[Extracted entries]
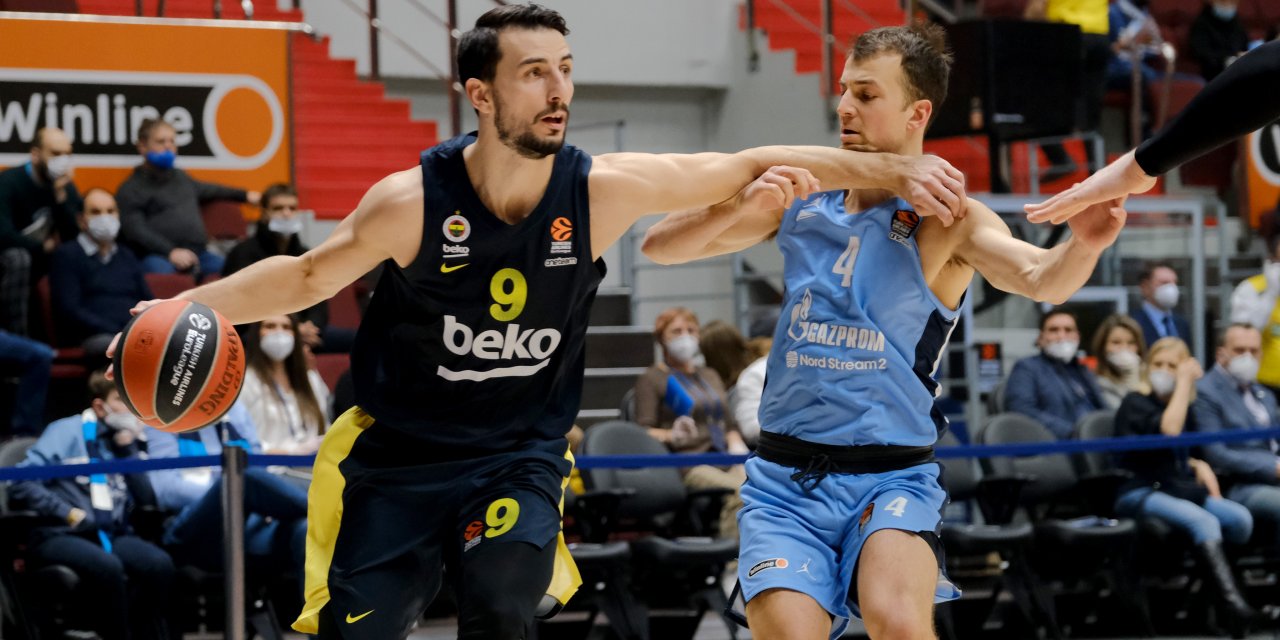 Zenit - Fenerbahçe Beko: 65-73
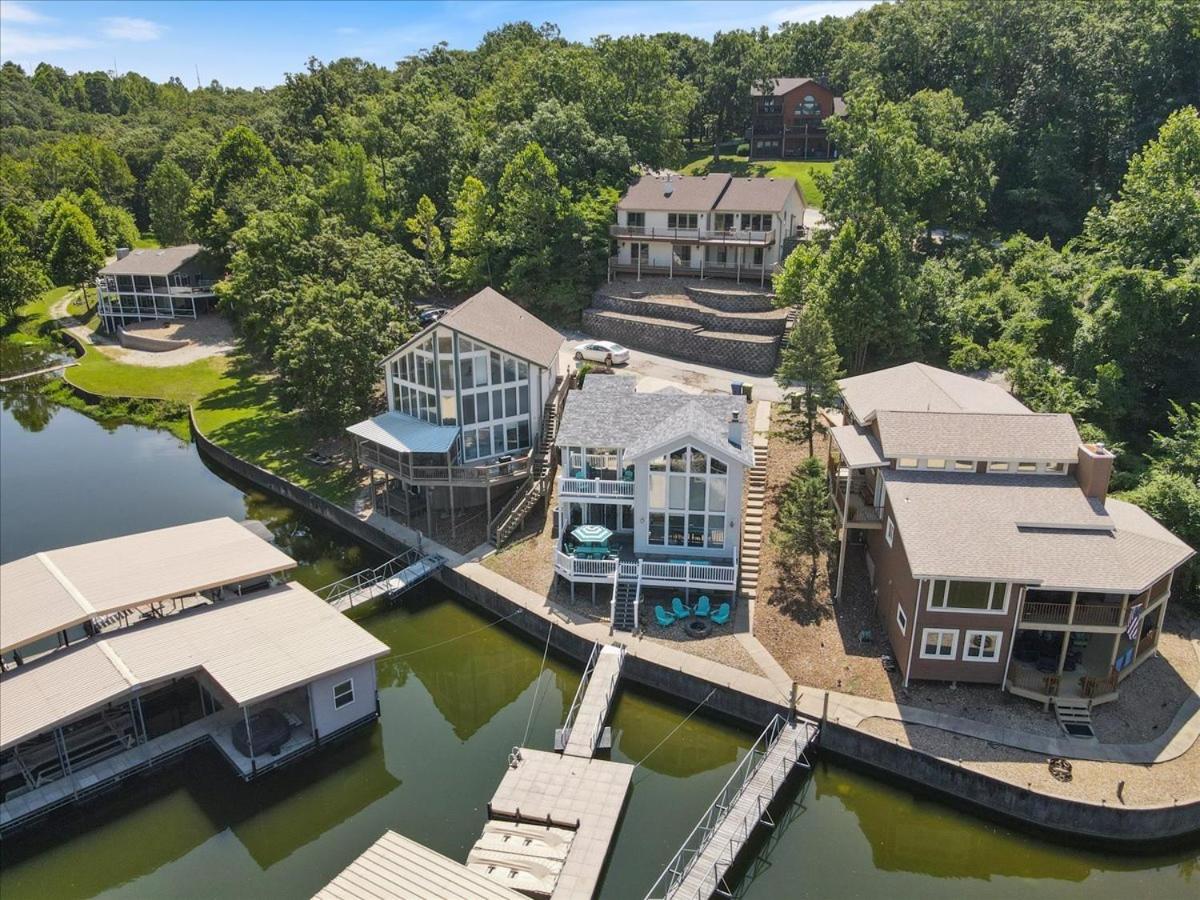 Amazing Wall of Windows, Swim Dock & Pet Friendly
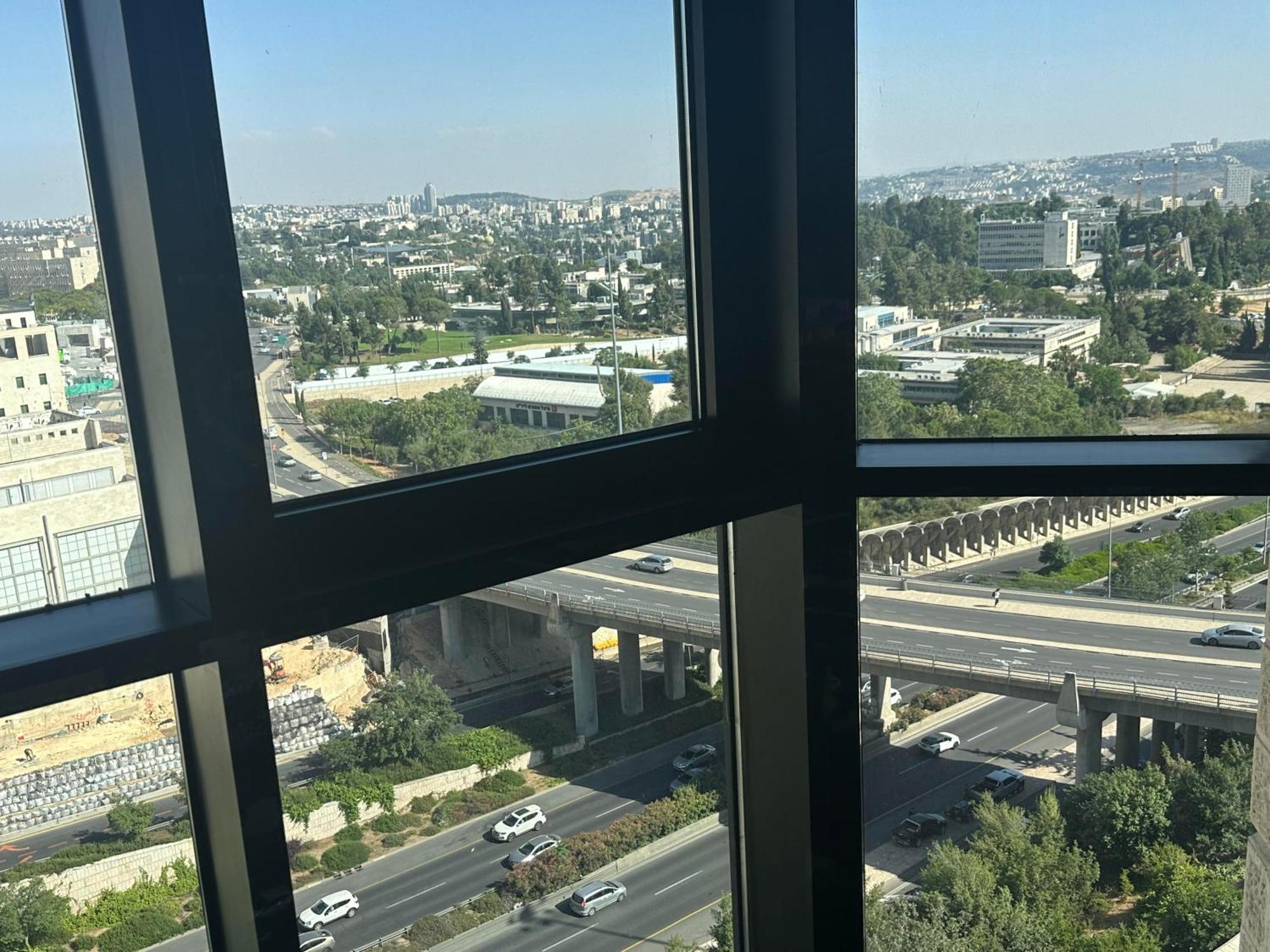 Ramada Jerusalem Hotel Экстерьер фото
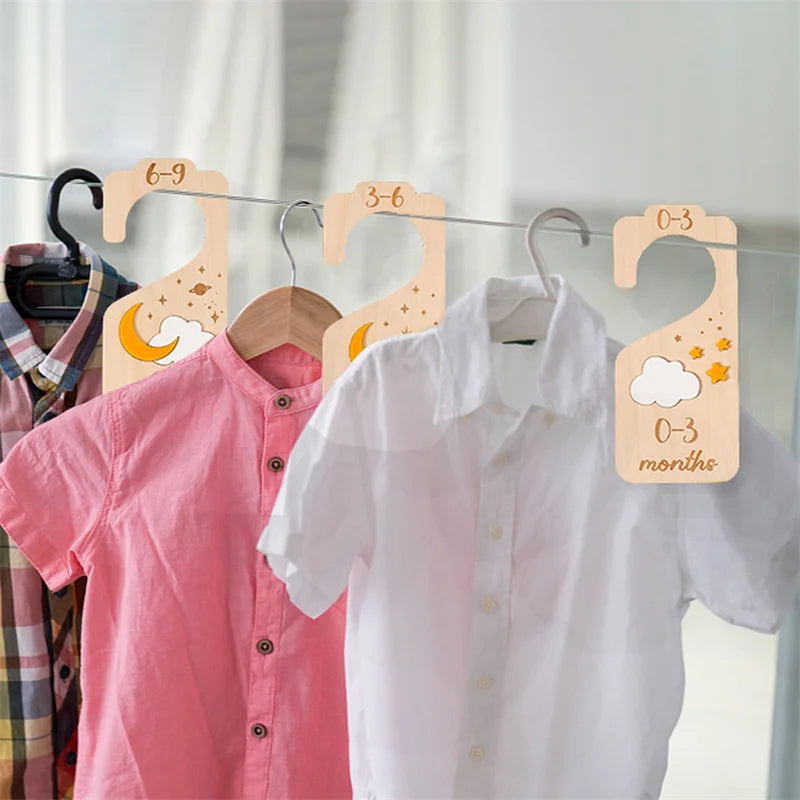 Baby Wooden Dividers Closet Size Wardrobe Separator Star Moon Milestone Cards Months Organizers Kids Photography Accessories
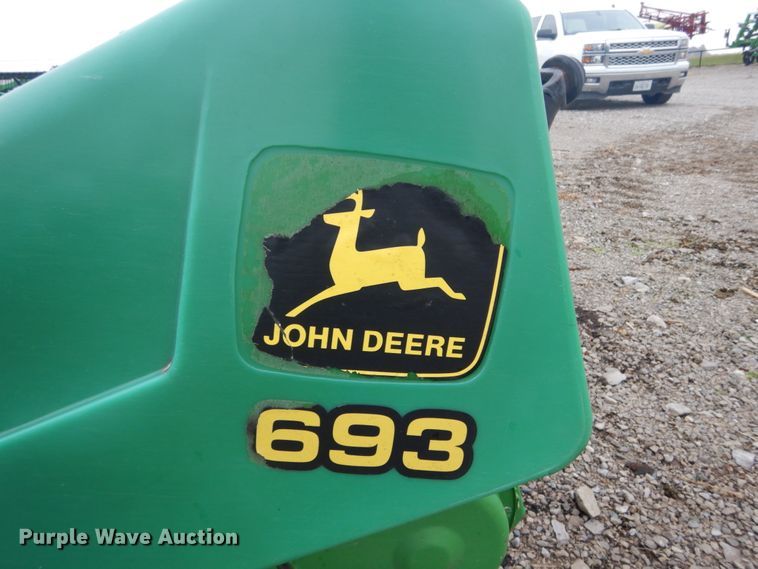 image for item DH2226 1995 John Deere 693 corn head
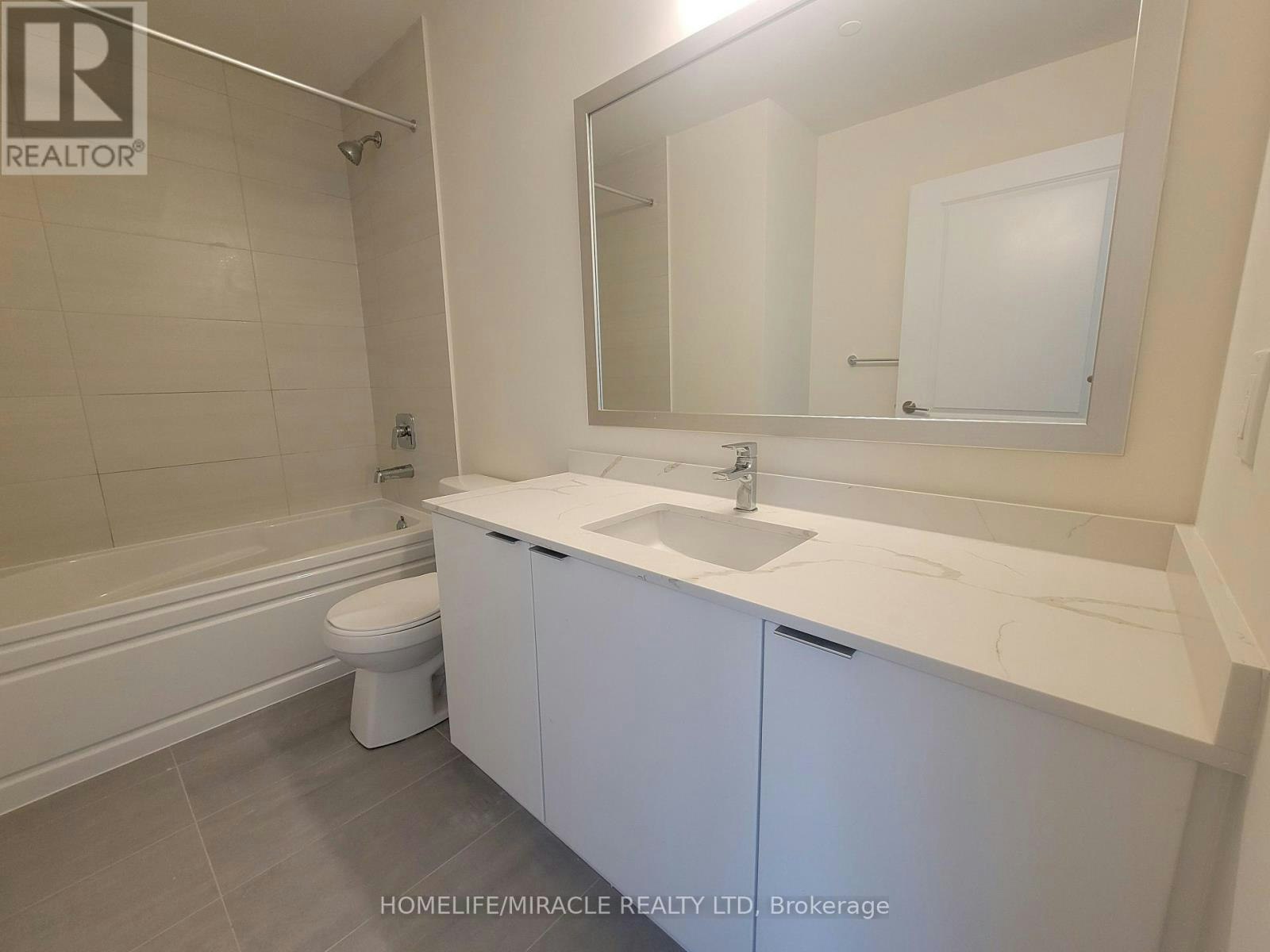210-15 Watergarden Drive, Mississauga, ON, L5R 1B2 - 9
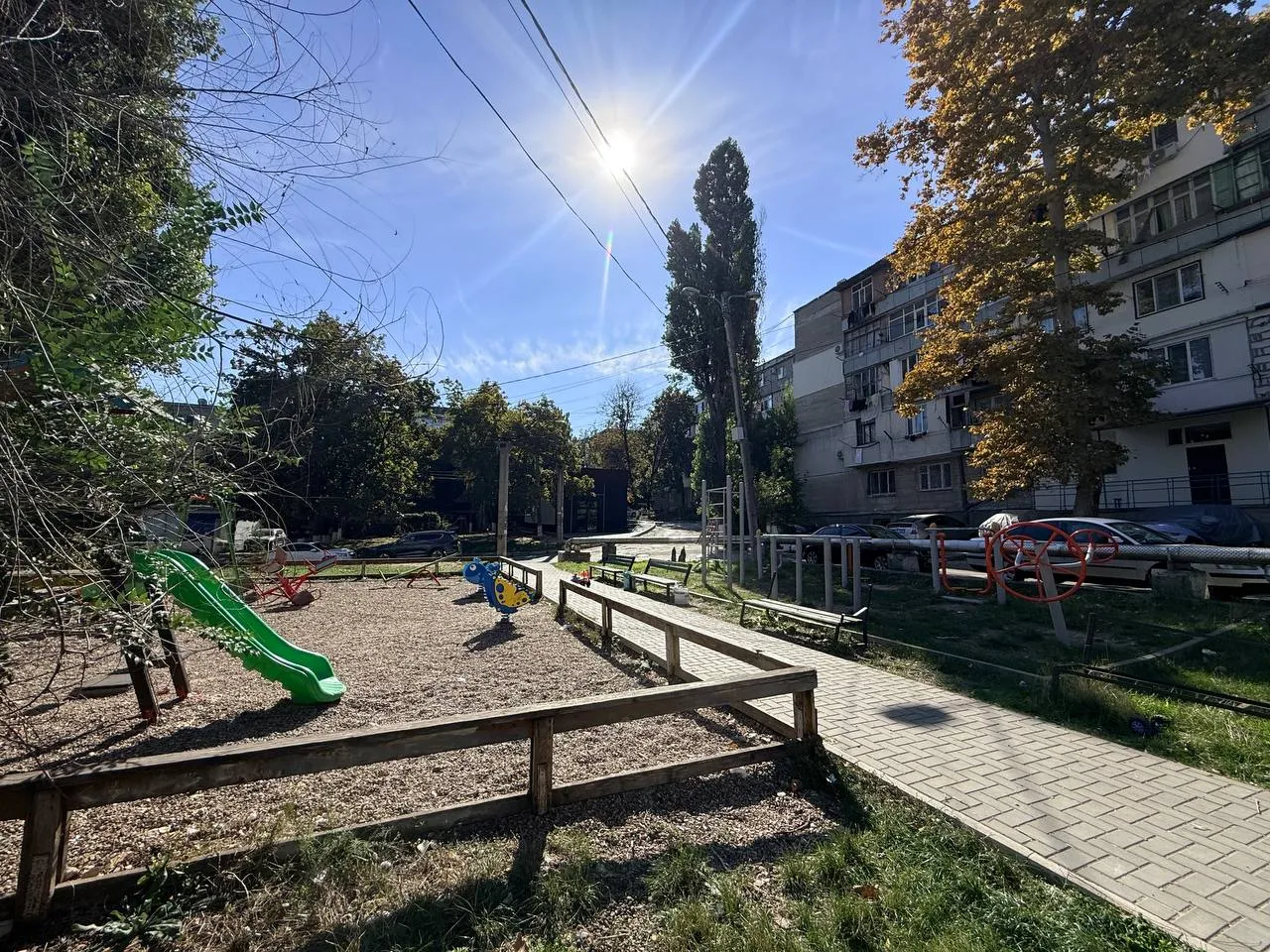 Chișinău Botanica str. Salcâmilor 7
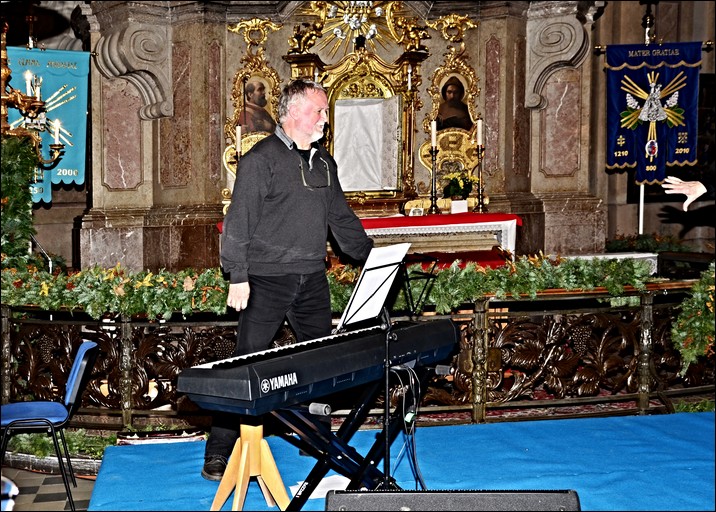 Pedvnon benefin koncert Marty Kubiov - 28.11.2014 -  foto 9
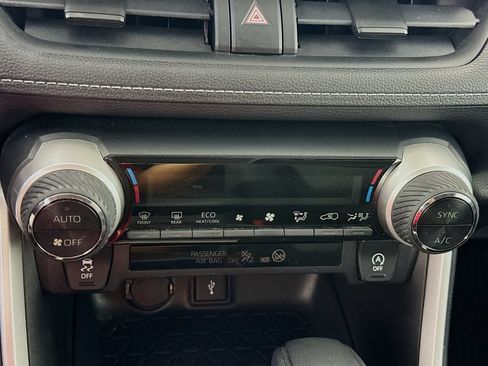 Used 2020 Toyota RAV4 XLE w/ Convenience Package FWD image 14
[/Extracted entries]
Problem details:
Copy exactly the lines from the one containing "image for item" through the last line of the records above, including both, and omit every picture.

Solution below:
 image for item DH2226 1995 John Deere 693 corn head
210-15 Watergarden Drive, Mississauga, ON, L5R 1B2 - 9
 Chișinău Botanica str. Salcâmilor 7
 Pedvnon benefin koncert Marty Kubiov - 28.11.2014 -  foto 9
 Used 2020 Toyota RAV4 XLE w/ Convenience Package FWD image 14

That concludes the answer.